The G-Shock contest was the next day so we went to Decade shop in Shibuya to meet up with Hiroshi and get some food. Decade is a BMX, kendama, and clothing store in Tokyo’s fashion district. We met up with some pro kendama players in town for the contest and walked up the street to the local shrine. Hiroshi wanted to go to ask his ancestors to let everything at the contest go smoothly and to keep everyone healthy. Even with the limited space Japan offers, the city and people protect and maintain these shrines. They have been there for thousands of years. After going through the gates to the shrine, you walk down a path surrounded by trees and go to a building with trannied roofs you’ve seen in most stereotypical photos of Asia. At this point you go to a table that has water flowing through it. There are eight ladles, four on each side. You scoop up some water and cover your left hand, switch it up and drench your right hand. Pour some water in your hand, slurp it up, and spit it on the ground. Now you’re clean and ready to chat. We walked up to the shrine and saw a few monks chilling inside, and directed by Hiroshi, we stayed silent, tossed a coin into the pot, bowed twice, claped twice, bowed once more, and walked away. You can feel the energy of others when you’re there. Everyone comes for the same reason. It’s so quiet. Almost unnervingly quiet. This was a special day for the crew.
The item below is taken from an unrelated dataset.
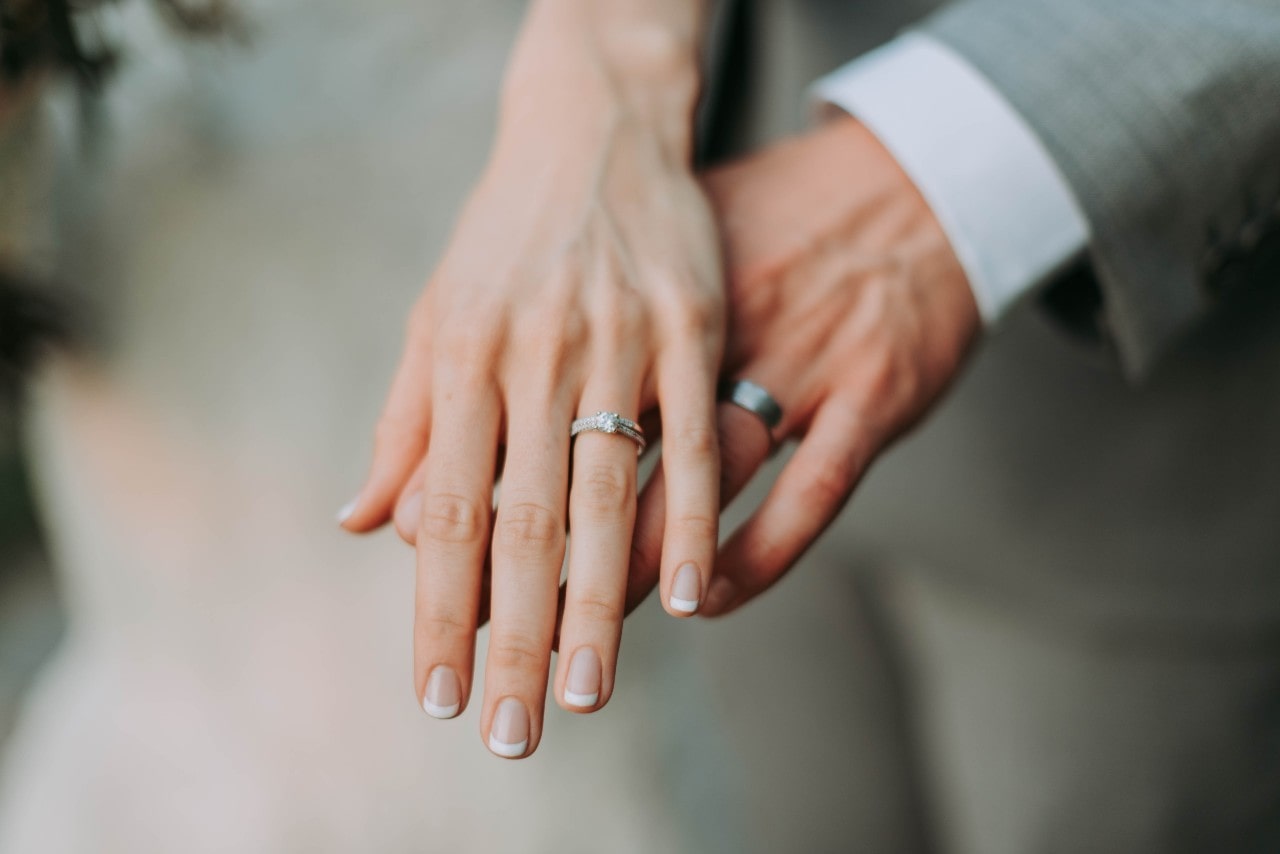 A bride and groom cross hands, showing off their wedding bands.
45 minutes of practice, sit backstage for three or four hours, and ride the course for six minutes. I’ve never ridden BMX in a nightclub, but I’m sure this is what it would feel like. There was techno music blaring, fog machines rolling on full blast, and a bundle of lasers and strobe lights shooting around the arena. The crowd was going crazy even if they had no idea what they were seeing. The stage was fit for BMX, skate, flatland, kendama, and a concert. After our part was done, we all got drinks, watched some Japanese rap artist take over the stage, took photos with a bunch of Japanese girls, met the legendary Shoe G, and went to an after party that never ended. At about 7am we came back to the hotel to find hundreds of teenage girls standing in the pouring rain under umbrellas. Apparently they were waiting around to get into a venue to trade or buy some little anime cards that attach to their backpacks. I don’t really know…it was all really confusing.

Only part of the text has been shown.